Your instructions:
Your answer must be a word-for-word copy of the data.

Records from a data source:
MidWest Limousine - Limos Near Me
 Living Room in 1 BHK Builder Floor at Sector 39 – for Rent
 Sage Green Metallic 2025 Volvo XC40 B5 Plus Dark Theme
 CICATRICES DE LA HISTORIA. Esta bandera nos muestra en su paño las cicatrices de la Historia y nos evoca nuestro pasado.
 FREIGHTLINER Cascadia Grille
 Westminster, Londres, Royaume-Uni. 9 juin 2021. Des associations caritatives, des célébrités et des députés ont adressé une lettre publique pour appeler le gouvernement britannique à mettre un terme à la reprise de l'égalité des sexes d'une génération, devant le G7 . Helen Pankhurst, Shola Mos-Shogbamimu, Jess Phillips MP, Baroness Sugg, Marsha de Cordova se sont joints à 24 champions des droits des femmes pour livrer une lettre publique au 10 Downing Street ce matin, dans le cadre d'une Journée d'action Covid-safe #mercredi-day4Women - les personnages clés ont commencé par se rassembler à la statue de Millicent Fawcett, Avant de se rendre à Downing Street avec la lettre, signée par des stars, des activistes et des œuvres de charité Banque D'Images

Reply:
MidWest Limousine - Limos Near Me
 Living Room in 1 BHK Builder Floor at Sector 39 – for Rent
 Sage Green Metallic 2025 Volvo XC40 B5 Plus Dark Theme
 CICATRICES DE LA HISTORIA. Esta bandera nos muestra en su paño las cicatrices de la Historia y nos evoca nuestro pasado.
 FREIGHTLINER Cascadia Grille
 Westminster, Londres, Royaume-Uni. 9 juin 2021. Des associations caritatives, des célébrités et des députés ont adressé une lettre publique pour appeler le gouvernement britannique à mettre un terme à la reprise de l'égalité des sexes d'une génération, devant le G7 . Helen Pankhurst, Shola Mos-Shogbamimu, Jess Phillips MP, Baroness Sugg, Marsha de Cordova se sont joints à 24 champions des droits des femmes pour livrer une lettre publique au 10 Downing Street ce matin, dans le cadre d'une Journée d'action Covid-safe #mercredi-day4Women - les personnages clés ont commencé par se rassembler à la statue de Millicent Fawcett, Avant de se rendre à Downing Street avec la lettre, signée par des stars, des activistes et des œuvres de charité Banque D'Images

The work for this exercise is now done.